#### Records supplied

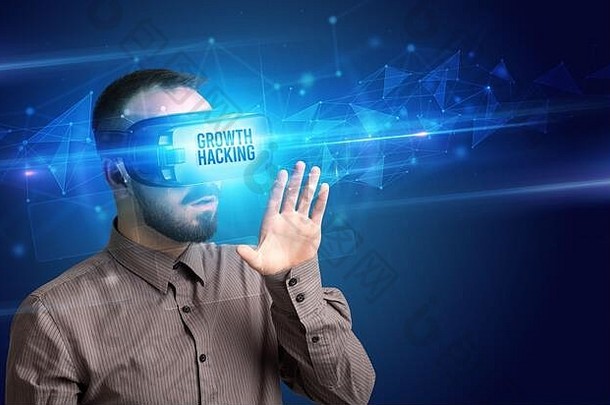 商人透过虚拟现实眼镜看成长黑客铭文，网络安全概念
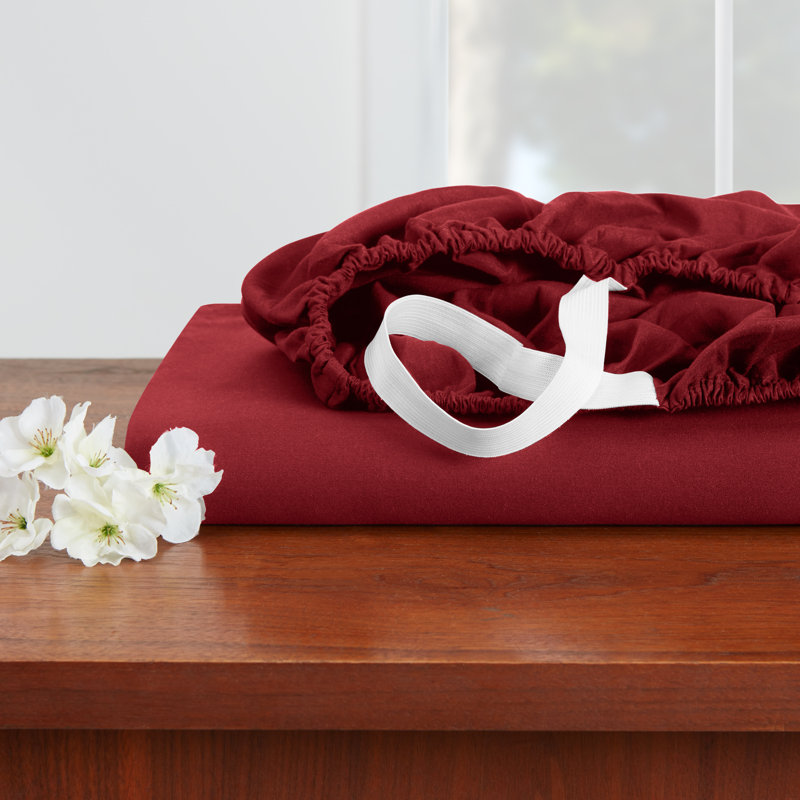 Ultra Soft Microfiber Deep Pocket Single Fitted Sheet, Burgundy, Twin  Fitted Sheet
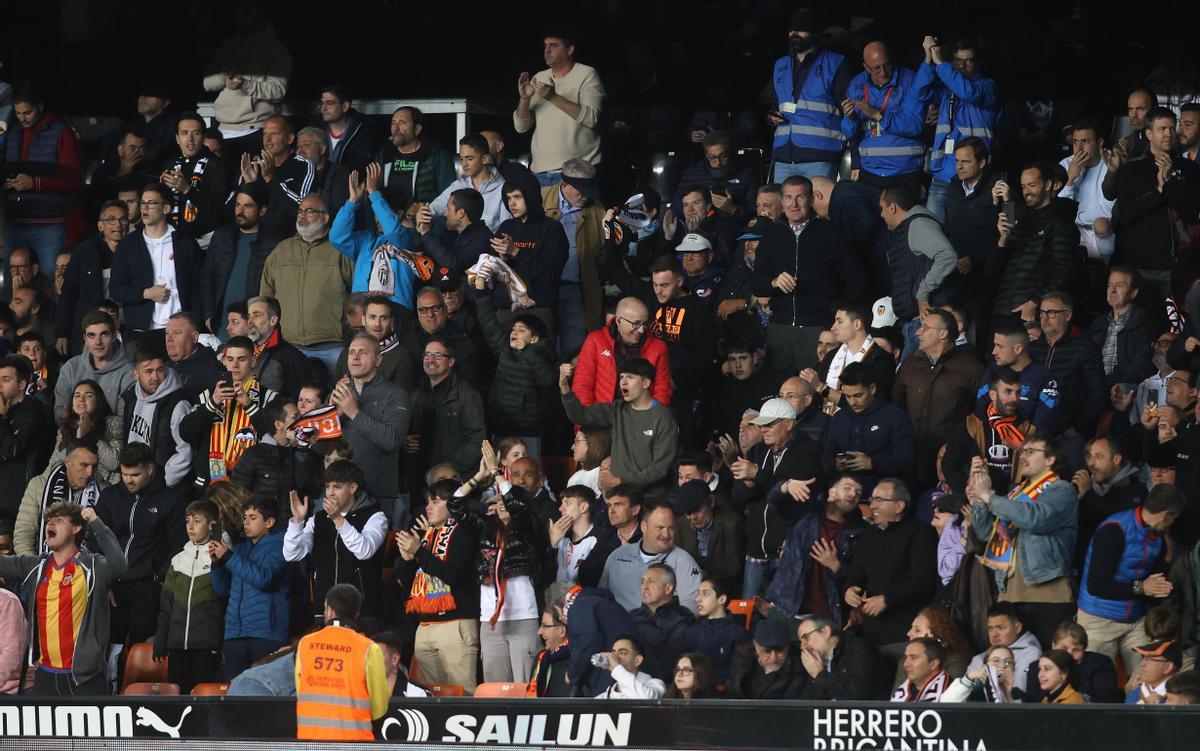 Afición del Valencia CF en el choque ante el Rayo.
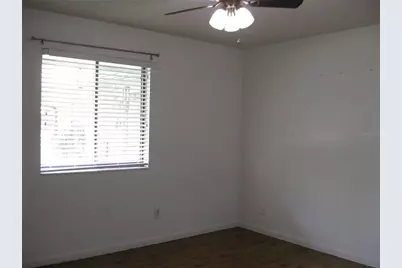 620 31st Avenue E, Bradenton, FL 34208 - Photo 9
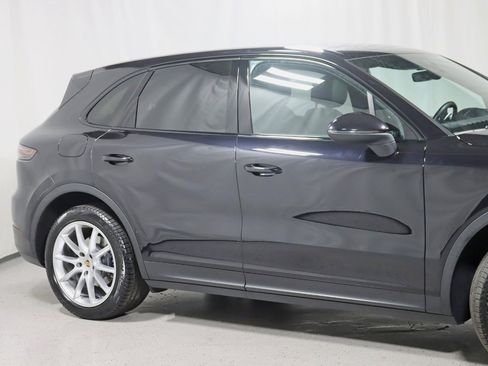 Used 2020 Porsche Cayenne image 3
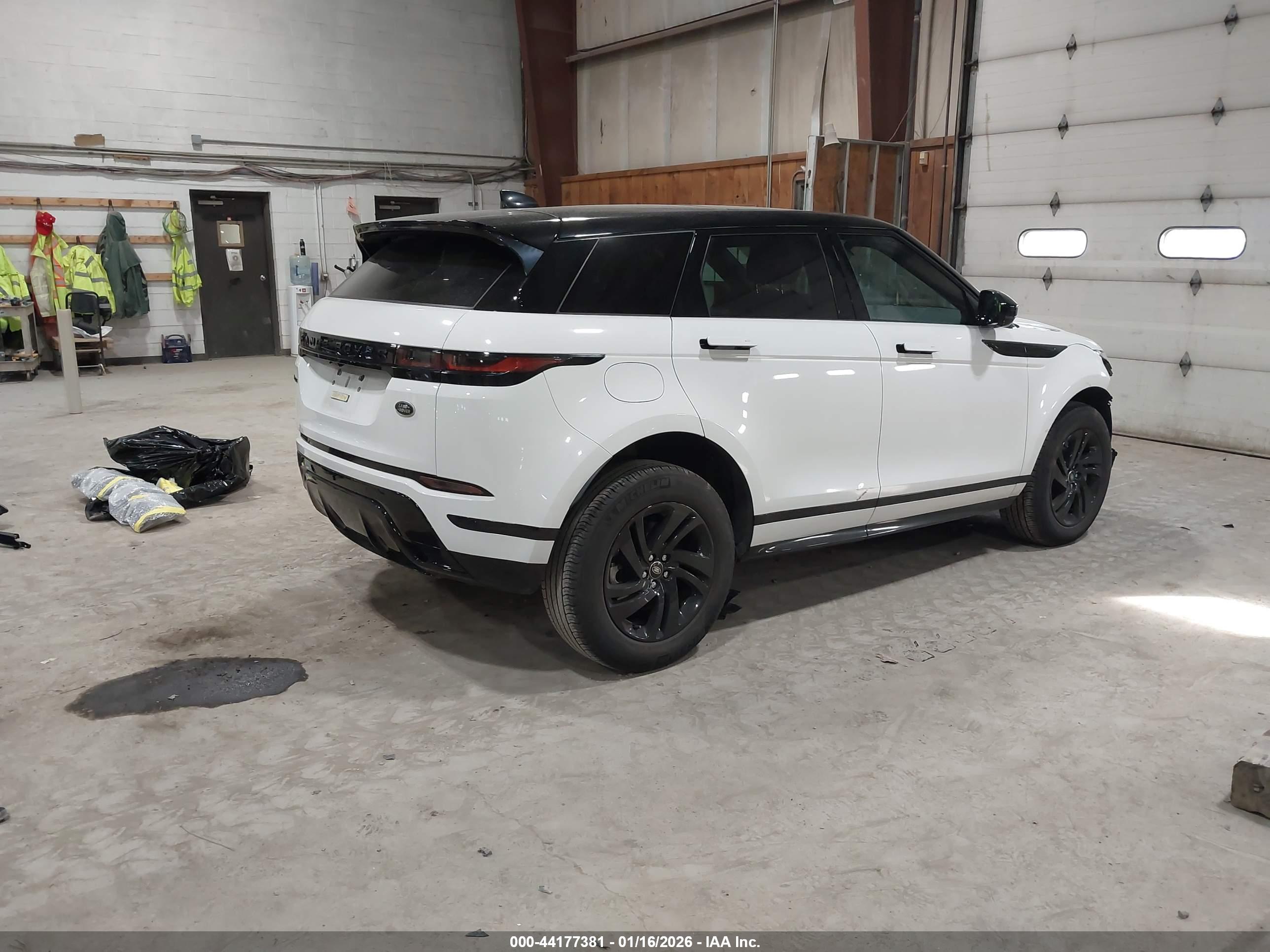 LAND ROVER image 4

########

Restate the records above in full and word for word, but do not carry over any pictures.

 商人透过虚拟现实眼镜看成长黑客铭文，网络安全概念
 Ultra Soft Microfiber Deep Pocket Single Fitted Sheet, Burgundy, Twin  Fitted Sheet
 Afición del Valencia CF en el choque ante el Rayo.
 620 31st Avenue E, Bradenton, FL 34208 - Photo 9
 Used 2020 Porsche Cayenne image 3
 LAND ROVER image 4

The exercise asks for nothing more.